The article: "Lesbian Understanding." Originally published in Hellcats (Calga Publishing), vol. 2, no. 1, January/February 1973. Credited to "Ann Gora."
Excerpt: "A certain number of lesbians are highly disordered, as are homosexual men. They are acting out a role in an unhealthy mental condition, and they are not enjoying themselves. On the other hand, there are women who are frank about lesbianism and see no harm in a lesbian orgy situation. There, they are permitted to act as they please with who they please. One thing is certain, lesbian orgies are on the increase and they are an important sociological phenomenon."
|Stephen King used this photo of his agent, Richard|
Manuel, for his "Richard Bachman" novels.
Reflections: Ed Wood's fans know that he used pseudonyms frequently in both his film work and his literary work. It's never been totally clear to me, however, why he used pen names on certain projects and not others. And is there any connection between particular aliases and particular projects?

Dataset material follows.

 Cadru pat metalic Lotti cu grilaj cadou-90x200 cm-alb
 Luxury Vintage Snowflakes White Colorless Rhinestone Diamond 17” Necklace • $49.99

For instance, does the use of Eddie's most famous pseudonym, Dick Trent, indicate anything special about a film, novel, article, etc.? Stephen King famously wrote several novels under the name "Richard Bachman," but I don't see any obvious connection between the Bachman novels, such as The Running Man (1982) and Thinner (1984), that separates them in a meaningful way from the rest of King's work.
But there is one Ed Wood pseudonym that may have some real significance. I'm currently making my way through the chapter of When the Topic is Sex devoted to lesbianism, and I soon noticed that nearly every article in it was attributed to "Ann Gora." In addition to being a pun on Eddie's favorite fabric, the name gives the (false) impression that an article was written by a woman. It's my working theory that Eddie called himself "Ann Gora" whenever he felt that having a female author would lend credibility to some work.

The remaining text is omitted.